Data shown Start Marker
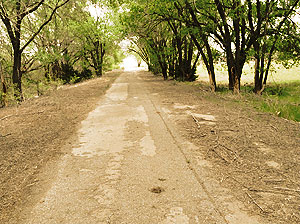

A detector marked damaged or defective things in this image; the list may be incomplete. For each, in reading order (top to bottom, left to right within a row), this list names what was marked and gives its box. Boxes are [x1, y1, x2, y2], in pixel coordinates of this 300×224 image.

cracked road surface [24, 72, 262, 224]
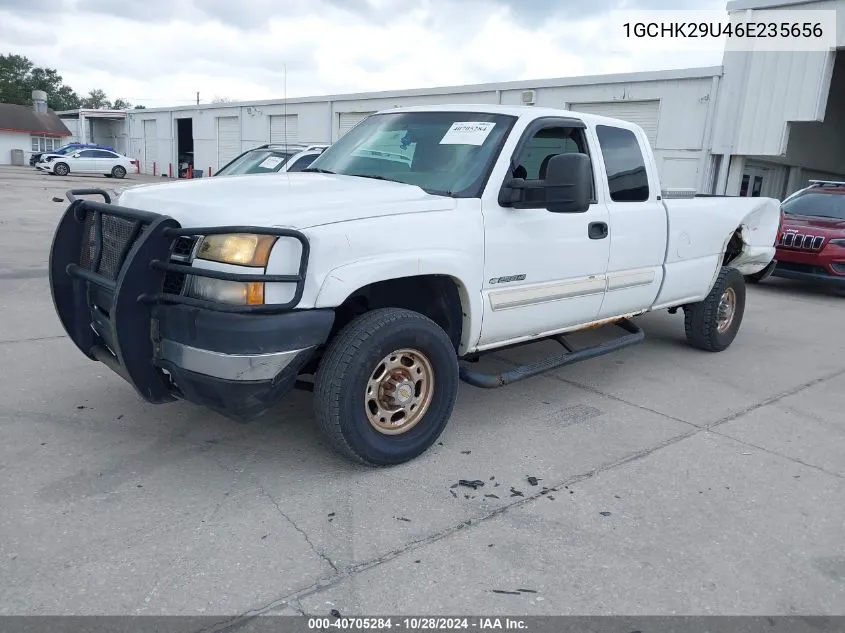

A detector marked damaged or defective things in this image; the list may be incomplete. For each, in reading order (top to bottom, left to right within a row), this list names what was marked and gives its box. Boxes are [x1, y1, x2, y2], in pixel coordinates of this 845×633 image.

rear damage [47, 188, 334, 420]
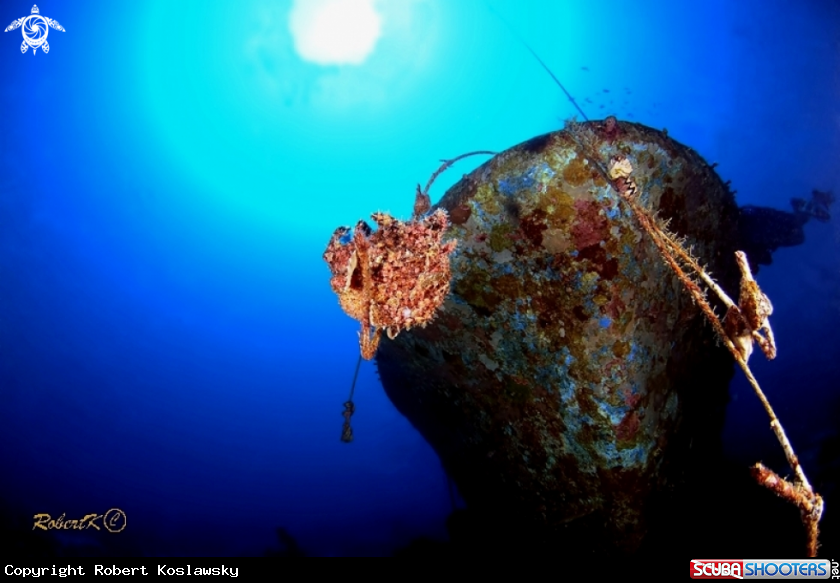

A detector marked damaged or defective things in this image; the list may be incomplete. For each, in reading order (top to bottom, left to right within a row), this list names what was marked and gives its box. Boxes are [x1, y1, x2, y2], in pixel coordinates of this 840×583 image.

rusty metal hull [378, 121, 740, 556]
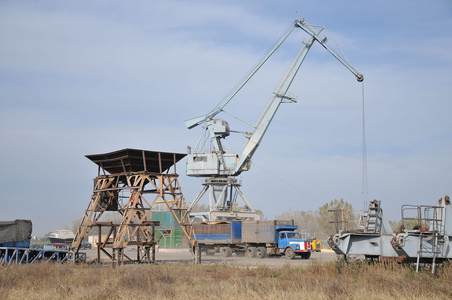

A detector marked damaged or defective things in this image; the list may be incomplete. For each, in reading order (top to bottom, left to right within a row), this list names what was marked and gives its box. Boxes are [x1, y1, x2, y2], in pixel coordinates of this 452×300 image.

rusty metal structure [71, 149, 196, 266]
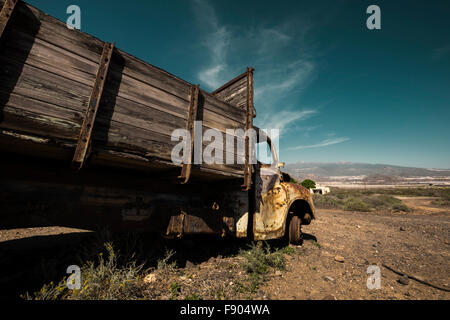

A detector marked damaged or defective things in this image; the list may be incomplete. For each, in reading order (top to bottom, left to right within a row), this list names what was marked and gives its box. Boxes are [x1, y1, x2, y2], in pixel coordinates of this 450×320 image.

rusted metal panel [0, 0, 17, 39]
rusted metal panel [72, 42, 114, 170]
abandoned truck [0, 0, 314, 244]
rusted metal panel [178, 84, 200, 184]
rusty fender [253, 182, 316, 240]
Data shown End Marker
◆ Task statement ◆
Copy the entries exactly. No pictures.

◆ Result for this task ◆
A detector marked damaged or defective things in this image; the list may be incomplete. For each, in reading order (top to bottom, left to right within a row), this list names what was marked and gives its box. Boxes are [x1, y1, x2, y2], in pixel coordinates of this 300×224 image.

cracked road surface [24, 72, 262, 224]

A detector marked damaged or defective things in this image; the list may be incomplete. For each, in reading order (top to bottom, left to right within a row), this list names what was marked and gives its box. Boxes are [x1, y1, x2, y2], in pixel coordinates of this 845×633 image.

rear damage [47, 188, 334, 420]

A detector marked damaged or defective things in this image; the list may be incomplete. For each, in reading order (top to bottom, left to right within a row), this list names what was marked and gives its box. Boxes are [x1, y1, x2, y2], in pixel coordinates of this 840×583 image.

rusty metal hull [378, 121, 740, 556]

A detector marked damaged or defective things in this image; the list may be incomplete. For each, in reading order (top to bottom, left to right within a row), this list names what was marked and gives its box. Boxes are [x1, y1, x2, y2], in pixel coordinates of this 452×300 image.

rusty metal structure [71, 149, 196, 266]

A detector marked damaged or defective things in this image; the list may be incomplete. For each, in reading order (top to bottom, left to right within a row), this list names what was marked and gives its box. Boxes are [x1, y1, x2, y2], in pixel coordinates of this 450×320 image.

rusted metal panel [0, 0, 17, 39]
rusted metal panel [72, 42, 114, 170]
abandoned truck [0, 0, 314, 244]
rusted metal panel [178, 84, 200, 184]
rusty fender [253, 182, 316, 240]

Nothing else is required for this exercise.